Court of Appeals Strikes Down Comparative Negligence Pattern Charge   Leave a comment

The Georgia Court of Appeals has struck down the pattern jury charge on comparative negligence that has been in use for decades. 

In Clark v. Rush, Case No. A11A1418 (Ga. Ct. App., Nov. 1, 2011), a Georgia Plaintiff was allegedly injured in a car wreck when Defendant pulled out in front of her. The Defendant argued the Plaintiff was speeding and was thus partly at fault for the wreck.

The trial judge gave the pattern jury instruction on comparative negligence. This charge instructs the jury that if it finds the plaintiff was at fault, but less at fault than the defendant, the jury is to reduce its award “in proportion to” the plaintiff’s negligence. But the jury was not given a special verdict form allowing it to specify the percentage of fault attributable to the plaintiff. Defendant’s attorney timely objected to the charge and the verdict form. The jury awarded Rush $20,000, and Defendant appealed.

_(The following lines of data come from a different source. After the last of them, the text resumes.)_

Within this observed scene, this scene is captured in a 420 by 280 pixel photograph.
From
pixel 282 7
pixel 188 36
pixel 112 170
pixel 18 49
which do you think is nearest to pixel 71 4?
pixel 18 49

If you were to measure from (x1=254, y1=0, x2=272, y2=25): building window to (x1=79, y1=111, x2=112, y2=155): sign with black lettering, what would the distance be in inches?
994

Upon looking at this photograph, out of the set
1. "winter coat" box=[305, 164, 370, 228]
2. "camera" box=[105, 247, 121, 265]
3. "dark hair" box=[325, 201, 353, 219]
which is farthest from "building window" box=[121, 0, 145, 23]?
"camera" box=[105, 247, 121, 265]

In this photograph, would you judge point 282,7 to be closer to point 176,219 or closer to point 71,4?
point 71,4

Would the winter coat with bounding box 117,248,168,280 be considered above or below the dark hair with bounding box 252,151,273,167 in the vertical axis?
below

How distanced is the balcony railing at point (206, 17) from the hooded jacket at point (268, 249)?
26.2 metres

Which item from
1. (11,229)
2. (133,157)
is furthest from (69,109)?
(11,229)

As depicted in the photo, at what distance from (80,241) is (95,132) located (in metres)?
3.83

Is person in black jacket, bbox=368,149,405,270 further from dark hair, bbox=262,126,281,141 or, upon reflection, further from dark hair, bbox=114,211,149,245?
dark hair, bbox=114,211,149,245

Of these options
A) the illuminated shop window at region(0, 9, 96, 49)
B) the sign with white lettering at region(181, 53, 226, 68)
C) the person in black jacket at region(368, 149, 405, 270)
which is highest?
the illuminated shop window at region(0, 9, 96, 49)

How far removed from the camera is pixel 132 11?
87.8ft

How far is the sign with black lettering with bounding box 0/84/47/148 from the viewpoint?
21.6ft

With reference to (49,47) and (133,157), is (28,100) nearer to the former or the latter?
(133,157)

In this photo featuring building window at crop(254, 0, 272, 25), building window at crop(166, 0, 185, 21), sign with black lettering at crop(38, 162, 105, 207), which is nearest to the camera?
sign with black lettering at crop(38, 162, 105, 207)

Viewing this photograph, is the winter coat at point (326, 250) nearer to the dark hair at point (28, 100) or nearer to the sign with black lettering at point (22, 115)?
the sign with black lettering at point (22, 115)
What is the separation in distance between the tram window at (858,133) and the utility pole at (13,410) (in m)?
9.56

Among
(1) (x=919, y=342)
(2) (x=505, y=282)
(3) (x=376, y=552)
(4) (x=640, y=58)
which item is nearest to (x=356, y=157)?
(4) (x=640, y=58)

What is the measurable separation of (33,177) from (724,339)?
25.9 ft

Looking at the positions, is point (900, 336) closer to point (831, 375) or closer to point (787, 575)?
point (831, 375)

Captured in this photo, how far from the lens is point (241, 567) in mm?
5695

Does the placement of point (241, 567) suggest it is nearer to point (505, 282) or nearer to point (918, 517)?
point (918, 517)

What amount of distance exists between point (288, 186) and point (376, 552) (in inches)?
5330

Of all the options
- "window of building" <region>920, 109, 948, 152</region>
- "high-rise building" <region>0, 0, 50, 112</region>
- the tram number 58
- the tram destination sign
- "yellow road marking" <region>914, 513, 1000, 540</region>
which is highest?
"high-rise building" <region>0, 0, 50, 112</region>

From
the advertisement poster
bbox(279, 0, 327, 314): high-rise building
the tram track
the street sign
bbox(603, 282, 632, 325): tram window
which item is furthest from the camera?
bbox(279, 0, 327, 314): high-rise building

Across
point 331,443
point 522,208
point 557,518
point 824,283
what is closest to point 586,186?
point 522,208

The Court of Appeals agreed that the pattern jury instruction is now erroneous after passage of the Tort Reform Act of 2005. O.C.G.A. § 15-12-33(a) now requires the jury to assign a specific percentage of fault to the plaintiff, and, according to the Court of Appeals, requires a special verdict form whereby the jury allocates a specific percentage of negligence, so that the judge can reduce the award accordingly.  The case was sent back for retrial.

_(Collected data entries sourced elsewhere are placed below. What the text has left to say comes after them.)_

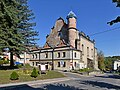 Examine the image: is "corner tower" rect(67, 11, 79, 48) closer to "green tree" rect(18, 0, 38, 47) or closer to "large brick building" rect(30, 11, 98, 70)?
"large brick building" rect(30, 11, 98, 70)

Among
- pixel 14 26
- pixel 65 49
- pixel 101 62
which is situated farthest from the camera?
pixel 101 62

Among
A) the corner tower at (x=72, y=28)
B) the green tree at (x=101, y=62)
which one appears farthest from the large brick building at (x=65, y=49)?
the green tree at (x=101, y=62)

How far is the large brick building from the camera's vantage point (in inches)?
2272

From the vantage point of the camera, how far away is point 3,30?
106 ft

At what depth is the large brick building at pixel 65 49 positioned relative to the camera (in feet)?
189

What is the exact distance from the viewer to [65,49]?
5819cm

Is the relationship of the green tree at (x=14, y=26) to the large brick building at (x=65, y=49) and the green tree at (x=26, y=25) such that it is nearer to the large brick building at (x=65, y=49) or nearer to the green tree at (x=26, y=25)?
the green tree at (x=26, y=25)

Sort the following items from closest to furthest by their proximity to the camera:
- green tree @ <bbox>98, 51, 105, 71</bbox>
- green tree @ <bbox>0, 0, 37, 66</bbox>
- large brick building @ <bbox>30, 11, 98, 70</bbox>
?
1. green tree @ <bbox>0, 0, 37, 66</bbox>
2. large brick building @ <bbox>30, 11, 98, 70</bbox>
3. green tree @ <bbox>98, 51, 105, 71</bbox>

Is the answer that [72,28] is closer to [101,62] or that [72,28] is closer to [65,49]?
[65,49]

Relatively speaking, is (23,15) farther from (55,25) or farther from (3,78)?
(55,25)

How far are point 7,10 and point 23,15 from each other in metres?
6.61

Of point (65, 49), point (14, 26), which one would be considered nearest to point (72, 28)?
point (65, 49)

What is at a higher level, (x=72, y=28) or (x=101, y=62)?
(x=72, y=28)

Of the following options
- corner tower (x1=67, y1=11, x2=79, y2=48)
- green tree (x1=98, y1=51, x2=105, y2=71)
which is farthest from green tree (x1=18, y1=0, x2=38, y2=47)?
green tree (x1=98, y1=51, x2=105, y2=71) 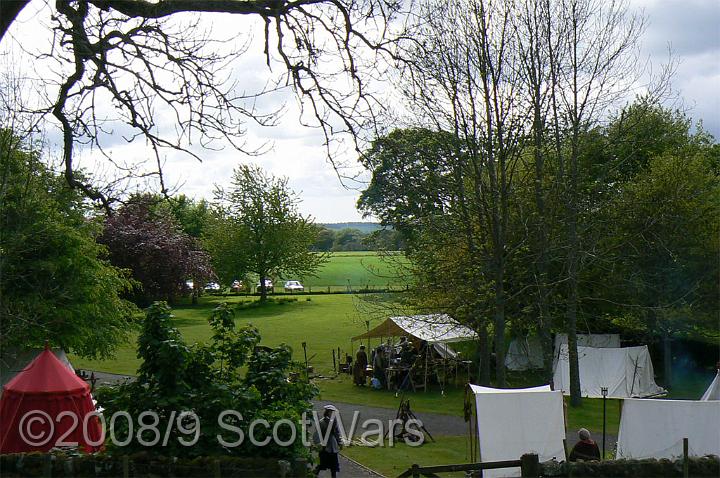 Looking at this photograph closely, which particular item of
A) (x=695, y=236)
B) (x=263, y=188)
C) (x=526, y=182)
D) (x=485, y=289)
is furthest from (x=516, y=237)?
(x=263, y=188)

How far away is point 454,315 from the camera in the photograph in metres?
21.9

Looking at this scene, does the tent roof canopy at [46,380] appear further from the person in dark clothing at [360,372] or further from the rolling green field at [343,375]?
the person in dark clothing at [360,372]

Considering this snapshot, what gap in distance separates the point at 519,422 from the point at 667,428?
2407 mm

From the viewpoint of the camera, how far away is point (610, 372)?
25.0 metres

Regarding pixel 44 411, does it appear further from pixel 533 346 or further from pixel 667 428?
pixel 533 346

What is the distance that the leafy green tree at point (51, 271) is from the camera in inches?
719

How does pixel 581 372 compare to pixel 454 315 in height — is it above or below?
below

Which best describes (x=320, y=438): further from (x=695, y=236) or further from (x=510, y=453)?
(x=695, y=236)

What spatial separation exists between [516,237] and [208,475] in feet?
53.1

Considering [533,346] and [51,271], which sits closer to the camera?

$295,000 for Teenage Pedestrian   1 comment

On December 2, 2008, Jane Doe (a 12 year-old minor) exited her school bus and was walking home when the Defendant pulled into the neighborhood in an SUV and negligently ran her over, fracturing her leg in two places.  Miss Doe’s medical expenses were over $25,000 and her plastic surgeon estimated that an additional surgery would be necessary and will cost approximately $10,000.  But this case was not about $25,000 in medical expenses; it was not even about $35,000 in medical expenses.  The fractures were bad and painful and the experience was horrifying for Miss Doe, but she recovered well and did not appear to be facing any permanent orthopaedic problems.  So, the case wasn’t even about permanent physical disability. 

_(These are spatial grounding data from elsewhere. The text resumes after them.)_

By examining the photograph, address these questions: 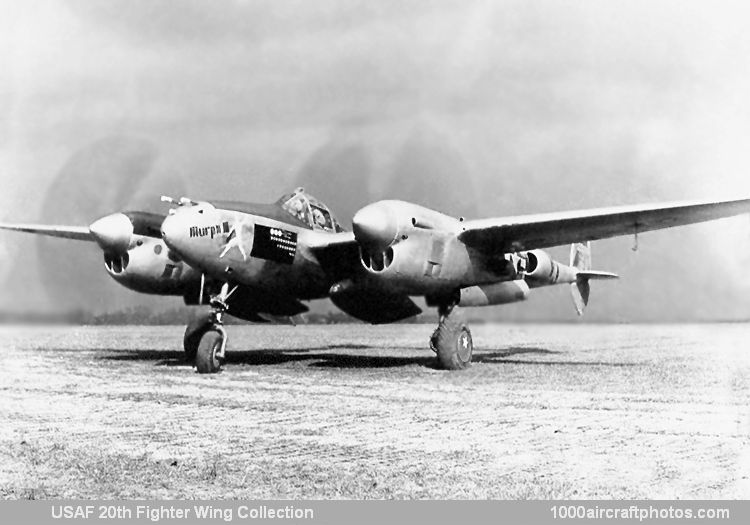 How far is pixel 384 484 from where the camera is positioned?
634cm

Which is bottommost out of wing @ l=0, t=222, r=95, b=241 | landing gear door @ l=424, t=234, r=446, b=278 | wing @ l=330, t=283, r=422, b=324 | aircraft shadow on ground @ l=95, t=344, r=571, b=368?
aircraft shadow on ground @ l=95, t=344, r=571, b=368

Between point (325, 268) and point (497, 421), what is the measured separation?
823cm

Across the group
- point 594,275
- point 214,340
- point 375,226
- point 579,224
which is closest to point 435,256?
point 375,226

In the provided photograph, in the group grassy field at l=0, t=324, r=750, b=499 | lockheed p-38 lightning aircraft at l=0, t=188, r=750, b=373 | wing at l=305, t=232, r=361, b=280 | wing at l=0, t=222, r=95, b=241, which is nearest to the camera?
grassy field at l=0, t=324, r=750, b=499

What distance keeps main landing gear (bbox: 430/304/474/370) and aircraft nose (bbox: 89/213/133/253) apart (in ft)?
22.9

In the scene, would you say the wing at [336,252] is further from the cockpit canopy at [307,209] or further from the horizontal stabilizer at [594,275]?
the horizontal stabilizer at [594,275]

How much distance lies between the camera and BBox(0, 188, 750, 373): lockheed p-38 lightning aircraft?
1488 centimetres

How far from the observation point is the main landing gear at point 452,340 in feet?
54.4

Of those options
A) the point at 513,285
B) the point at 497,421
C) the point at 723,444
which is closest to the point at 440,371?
the point at 513,285

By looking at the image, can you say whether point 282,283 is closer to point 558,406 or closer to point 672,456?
point 558,406

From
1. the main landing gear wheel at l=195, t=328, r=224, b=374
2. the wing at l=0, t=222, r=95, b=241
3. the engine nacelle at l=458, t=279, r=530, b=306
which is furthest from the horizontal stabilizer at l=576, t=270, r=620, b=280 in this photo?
the wing at l=0, t=222, r=95, b=241

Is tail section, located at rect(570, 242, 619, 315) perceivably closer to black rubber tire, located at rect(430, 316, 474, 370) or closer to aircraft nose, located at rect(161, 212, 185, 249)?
black rubber tire, located at rect(430, 316, 474, 370)

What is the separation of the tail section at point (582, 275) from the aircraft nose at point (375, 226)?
34.0 feet

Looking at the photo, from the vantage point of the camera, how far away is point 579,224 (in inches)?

The most upsetting aspect of this case was that the Defendant’s tire badly mangled the skin and tissue of Miss Doe’s ankle.  This was almost a de-gloving injury.  Consequently, Miss Doe has permanent burn-like scarring on her leg.  This might have been a different case if the Defendant had permanently scarred a little boy.  At least a little boy could make the best of a bad situation by making up crazy stories about the scar. As that boy grew into manhood, the scar would likely be obscured by leg hair, but, even if it remained conspicuous, he could still deal with it more readily than a woman by joking and making up funny stories about it. His scar might even be perceived by some as cool.

Miss Doe, on the other hand, does not (and will never) have this option.  Instead, she will always be somewhat self conscious about this scar.  The scar is not easily concealed, and, in fact, affects a part of Miss Doe’s anatomy that is strongly associated with her femininity and attractiveness. Miss Doe has a strong family, and they will help her to come to peace with her scar, but, throughout her life, people will notice it, perhaps treat her a little differently because of it, and maybe even be so bold as to ask her what happened.  Years from now, when the Defendant has long forgotten about this incident, Miss Doe will still be dealing with it on a daily basis.

The insurance adjuster assigned to handle Miss Doe’s claim had previously worked with attorney Render Freeman and knew of Mr. Freeman’s ability to succeed in front of a jury.  Following Mr. Freeman’s investigation and aggressive pre-suit negotiations, the insurance carrier agreed to pay $295,000 to settle the claim.  This money will enable Miss Doe to undergo any necessary scar-revision surgeries and will pay for her college education.  Mr. Freeman was very proud to represent this nice young lady and gratified by the quick result.